> _Directions for this task_: The records that follow must be repeated verbatim, every one of them.

##### Input data

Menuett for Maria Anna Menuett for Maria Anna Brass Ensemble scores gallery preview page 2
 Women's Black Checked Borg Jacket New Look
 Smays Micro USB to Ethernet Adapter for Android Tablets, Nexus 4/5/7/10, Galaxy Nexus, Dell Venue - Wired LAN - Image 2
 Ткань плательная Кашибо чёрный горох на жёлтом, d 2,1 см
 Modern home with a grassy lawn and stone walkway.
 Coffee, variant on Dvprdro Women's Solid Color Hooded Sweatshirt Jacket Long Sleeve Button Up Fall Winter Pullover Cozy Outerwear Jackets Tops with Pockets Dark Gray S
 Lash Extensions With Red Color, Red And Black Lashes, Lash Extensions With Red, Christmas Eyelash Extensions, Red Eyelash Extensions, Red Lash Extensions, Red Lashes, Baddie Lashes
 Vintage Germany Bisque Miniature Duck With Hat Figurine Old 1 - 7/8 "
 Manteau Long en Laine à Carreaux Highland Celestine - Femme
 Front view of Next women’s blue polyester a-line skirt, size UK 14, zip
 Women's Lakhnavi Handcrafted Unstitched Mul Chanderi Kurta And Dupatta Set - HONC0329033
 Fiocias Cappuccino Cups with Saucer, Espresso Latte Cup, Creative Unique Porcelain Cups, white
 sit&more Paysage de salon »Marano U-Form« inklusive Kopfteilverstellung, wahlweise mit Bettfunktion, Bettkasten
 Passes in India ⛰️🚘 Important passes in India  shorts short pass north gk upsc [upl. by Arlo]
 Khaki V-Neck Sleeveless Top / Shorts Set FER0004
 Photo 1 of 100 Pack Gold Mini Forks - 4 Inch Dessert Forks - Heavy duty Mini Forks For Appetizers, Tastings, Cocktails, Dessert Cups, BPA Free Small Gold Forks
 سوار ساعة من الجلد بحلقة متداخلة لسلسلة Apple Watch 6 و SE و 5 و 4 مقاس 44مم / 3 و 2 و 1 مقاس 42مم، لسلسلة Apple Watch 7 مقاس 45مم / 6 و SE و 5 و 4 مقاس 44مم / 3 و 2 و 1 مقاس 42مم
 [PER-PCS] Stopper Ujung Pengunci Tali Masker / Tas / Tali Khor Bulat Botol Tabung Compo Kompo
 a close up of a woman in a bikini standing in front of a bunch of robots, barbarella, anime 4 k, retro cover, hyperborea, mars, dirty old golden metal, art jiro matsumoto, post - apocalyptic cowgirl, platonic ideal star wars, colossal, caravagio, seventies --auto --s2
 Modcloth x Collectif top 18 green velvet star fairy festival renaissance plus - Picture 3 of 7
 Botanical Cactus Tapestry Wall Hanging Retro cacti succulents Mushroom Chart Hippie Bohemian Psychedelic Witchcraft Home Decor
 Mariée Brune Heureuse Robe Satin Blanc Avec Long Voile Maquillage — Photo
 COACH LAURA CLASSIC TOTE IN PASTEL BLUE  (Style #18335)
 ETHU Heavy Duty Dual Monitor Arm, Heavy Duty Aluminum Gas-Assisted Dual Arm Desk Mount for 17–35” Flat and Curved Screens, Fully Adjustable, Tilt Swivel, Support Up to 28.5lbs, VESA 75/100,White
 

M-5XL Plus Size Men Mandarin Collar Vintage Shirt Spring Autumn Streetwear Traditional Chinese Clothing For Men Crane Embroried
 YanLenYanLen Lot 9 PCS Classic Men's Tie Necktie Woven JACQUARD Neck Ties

##########

> _Answer to this problem_:
Menuett for Maria Anna Menuett for Maria Anna Brass Ensemble scores gallery preview page 2
 Women's Black Checked Borg Jacket New Look
 Smays Micro USB to Ethernet Adapter for Android Tablets, Nexus 4/5/7/10, Galaxy Nexus, Dell Venue - Wired LAN - Image 2
 Ткань плательная Кашибо чёрный горох на жёлтом, d 2,1 см
 Modern home with a grassy lawn and stone walkway.
 Coffee, variant on Dvprdro Women's Solid Color Hooded Sweatshirt Jacket Long Sleeve Button Up Fall Winter Pullover Cozy Outerwear Jackets Tops with Pockets Dark Gray S
 Lash Extensions With Red Color, Red And Black Lashes, Lash Extensions With Red, Christmas Eyelash Extensions, Red Eyelash Extensions, Red Lash Extensions, Red Lashes, Baddie Lashes
 Vintage Germany Bisque Miniature Duck With Hat Figurine Old 1 - 7/8 "
 Manteau Long en Laine à Carreaux Highland Celestine - Femme
 Front view of Next women’s blue polyester a-line skirt, size UK 14, zip
 Women's Lakhnavi Handcrafted Unstitched Mul Chanderi Kurta And Dupatta Set - HONC0329033
 Fiocias Cappuccino Cups with Saucer, Espresso Latte Cup, Creative Unique Porcelain Cups, white
 sit&more Paysage de salon »Marano U-Form« inklusive Kopfteilverstellung, wahlweise mit Bettfunktion, Bettkasten
 Passes in India ⛰️🚘 Important passes in India  shorts short pass north gk upsc [upl. by Arlo]
 Khaki V-Neck Sleeveless Top / Shorts Set FER0004
 Photo 1 of 100 Pack Gold Mini Forks - 4 Inch Dessert Forks - Heavy duty Mini Forks For Appetizers, Tastings, Cocktails, Dessert Cups, BPA Free Small Gold Forks
 سوار ساعة من الجلد بحلقة متداخلة لسلسلة Apple Watch 6 و SE و 5 و 4 مقاس 44مم / 3 و 2 و 1 مقاس 42مم، لسلسلة Apple Watch 7 مقاس 45مم / 6 و SE و 5 و 4 مقاس 44مم / 3 و 2 و 1 مقاس 42مم
 [PER-PCS] Stopper Ujung Pengunci Tali Masker / Tas / Tali Khor Bulat Botol Tabung Compo Kompo
 a close up of a woman in a bikini standing in front of a bunch of robots, barbarella, anime 4 k, retro cover, hyperborea, mars, dirty old golden metal, art jiro matsumoto, post - apocalyptic cowgirl, platonic ideal star wars, colossal, caravagio, seventies --auto --s2
 Modcloth x Collectif top 18 green velvet star fairy festival renaissance plus - Picture 3 of 7
 Botanical Cactus Tapestry Wall Hanging Retro cacti succulents Mushroom Chart Hippie Bohemian Psychedelic Witchcraft Home Decor
 Mariée Brune Heureuse Robe Satin Blanc Avec Long Voile Maquillage — Photo
 COACH LAURA CLASSIC TOTE IN PASTEL BLUE  (Style #18335)
 ETHU Heavy Duty Dual Monitor Arm, Heavy Duty Aluminum Gas-Assisted Dual Arm Desk Mount for 17–35” Flat and Curved Screens, Fully Adjustable, Tilt Swivel, Support Up to 28.5lbs, VESA 75/100,White
 

M-5XL Plus Size Men Mandarin Collar Vintage Shirt Spring Autumn Streetwear Traditional Chinese Clothing For Men Crane Embroried
 YanLenYanLen Lot 9 PCS Classic Men's Tie Necktie Woven JACQUARD Neck Ties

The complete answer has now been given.